The command to run Tophat looks like this:
tophat [options] <bowtie_index> <reads1[,reads2,...,readsN]> [reads1[,reads2,...,readsN]]

Note that there are two sets of read files grouped by either "<>" or "[]".   The first set of reads are obtained from a single end run, or, are the first members of a paired-end run.  The second set of reads are the second member of the paired-end run.  For a paired end run the first and second members must be in the same order.  Note the use of commas between the read files within each set.   Without them the program will assume the first and second files are members of a read pair.

The following script, RunTophatOnMaizeGenome, could be used to submit the job to LSF on lewis:
#BSUB -J RunTophatOnMaizeGenome
#BSUB -o RunTophatOnMaizeGenome.o%J
#BSUB -e RunTophatOnMaizeGenome.e%J
#BSUB -n 4
#BSUB -R "span[hosts=1];rusage[mem=5500]"

tophat -p 4 --solexa1.3-quals MaizeGDNA s7.reads,s8.reads
Note that 4 cores are indicated by both the "-p 4" option and the "#BSUB -n 4" statement.   The "--solexa1.3-quals" flag tells it to use the Solexa pipeline version 1.3 scale for quality scores in the fastq file.

This particular run took about 5.5 hrs using two single end Illumina fastq files of ~2.4 GB each (16 million 42-base reads in each).



3.   Cufflinks to test for differential expression


Cufflinks "assembles transcripts, estimates their abundances, and tests for differential expression and regulation in RNA-Seq samples."   The input to cufflinks is a SAM-formatted text file.   This file must be sorted by the reference position (chromosome, then start position in that chromosome).   If you have used Tophat to create this file it is already sorted correctly.   Otherwise see the Cufflinks site for directions on how to sort it.
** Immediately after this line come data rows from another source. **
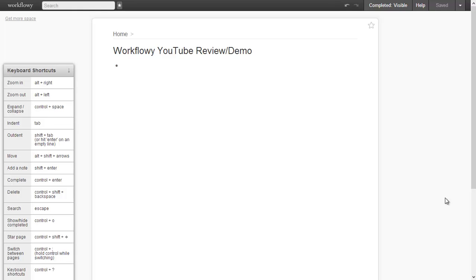So you can do to-do lists, you can keep track of some goals, savings goals. You can keep track of whatever you're learning about in biology in your high school class or in college. If you're a web developer or a programmer, you can keep track of whatever you need to keep track of this way — it might be great for that.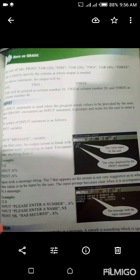اوپر جو statement دی گئی ہے، the output will be: 1, 2, 3. One will be printed at column number 10، two at column number 20، اور three at column number 40 میں۔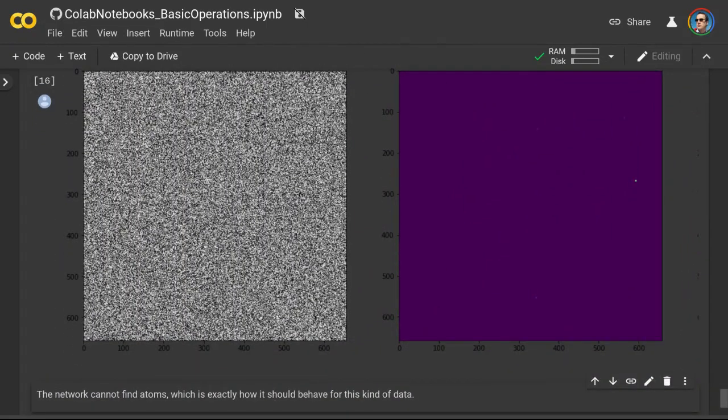With that, I'm going to conclude this video. Thank you for watching. As a reminder, you can access this exact notebook that we worked with today from the link in the video description section under this video on YouTube.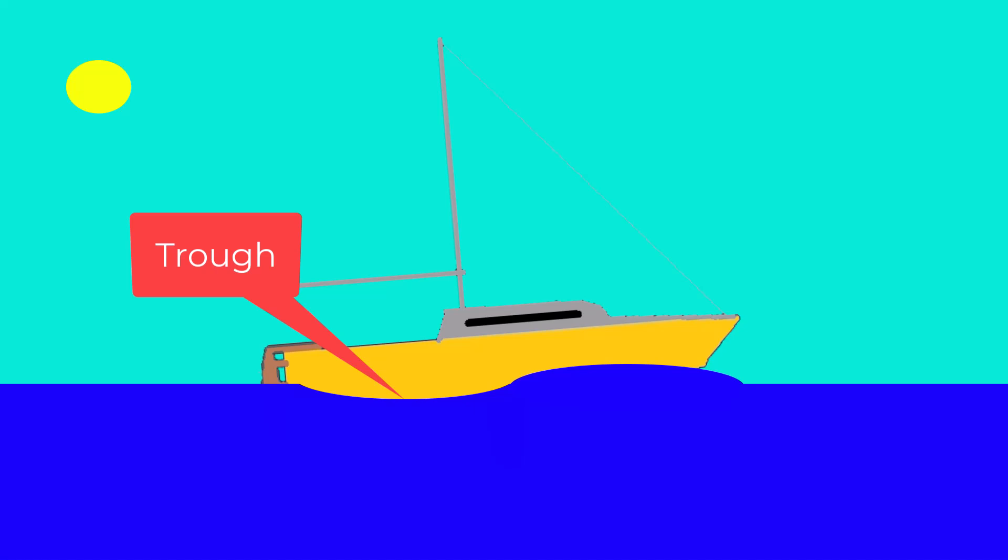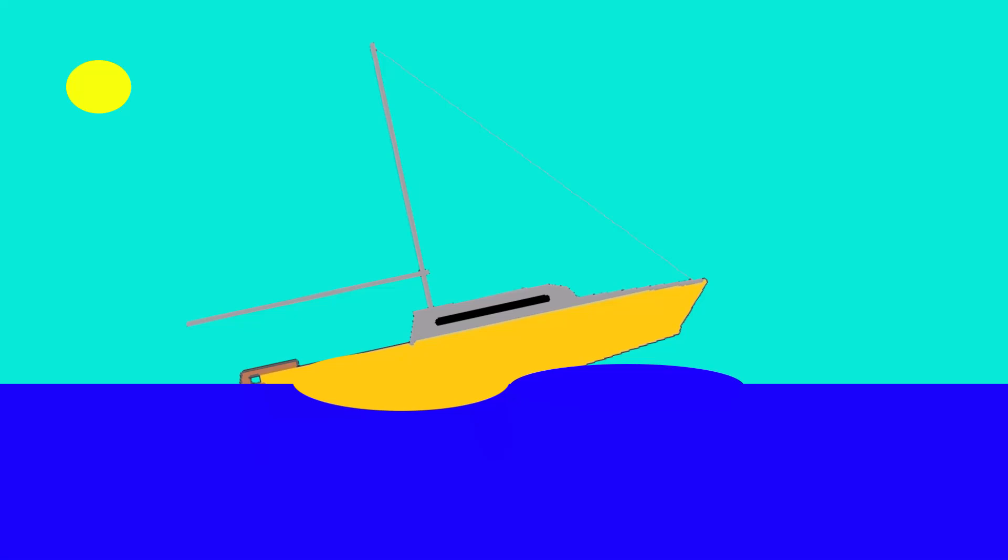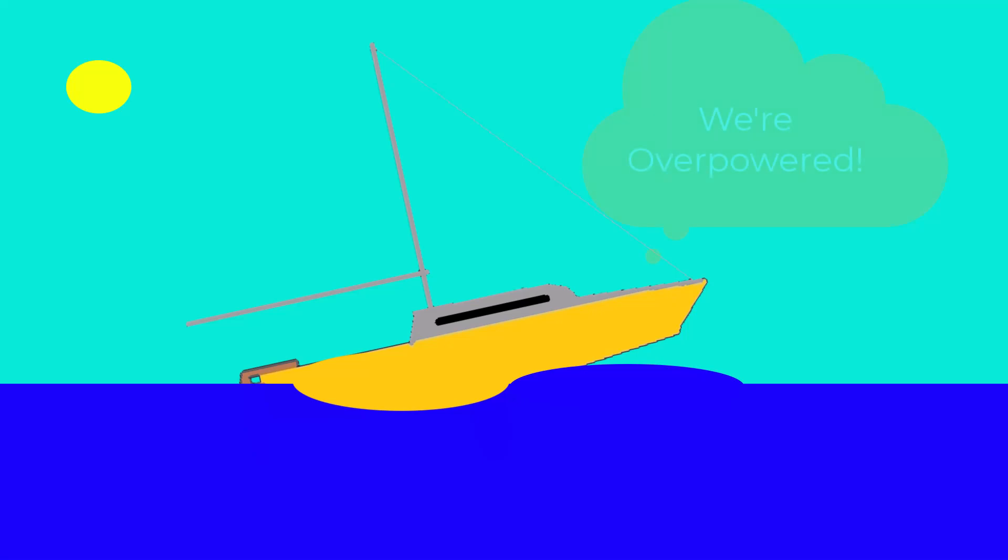What happens at hull speed is your boat starts to go fast enough where that trough gets behind the center of gravity and the boat is actually lifted up in the front. So it starts to fight gravity itself as it tries to climb this hill of its bow wave. That's where you hit your theoretical hull speed, the point of diminishing return for how much sail you put on.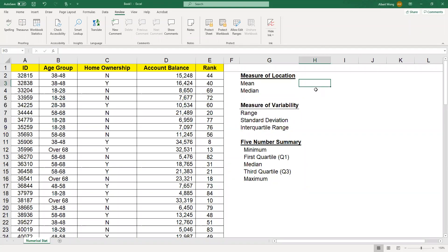In this video, I want to show you how to calculate the various numerical summary statistics for a numerical variable. We have this little data set here and the variable we want to analyze is account balance. Account balance is a ratio scale variable, so we can use various summary statistics to summarize it.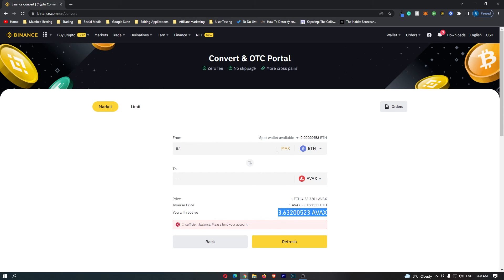If you followed all of the steps and you are happy with the amount of Avalanche that you are going to receive, this yellow button at the bottom should say confirm. Just go ahead and click this. That will start up the transaction, and that is how you can convert Ethereum into Avalanche on Binance.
Here is a script that will execute cufflinks:

#BSUB -J RunCufflinksOnMaizeRNASeq
#BSUB -o RunCufflinksOnMaizeRNASeq.o%J
#BSUB -e RunCufflinksOnMaizeRNASeq.e%J
#BSUB -n 4
#BSUB -R "span[hosts=1];rusage[mem=5500]"

cufflinks -p 4 aligned_reads.sam
where the aligned_reads.sam file is one of the outputs of tophat that is in the SAM format.   Note that the -p flag and the #BSUB -n 4 line are again referring to the number of cores to use and that the maximum is 4.

Cufflinks produces three output files, transcripts.gtf, transcripts.expr, and genes.expr.   The cuffcompare program takes multiple .gtf files as input to track changes in transcripts across experiments, and can be used to compare your transcripts to a reference genome.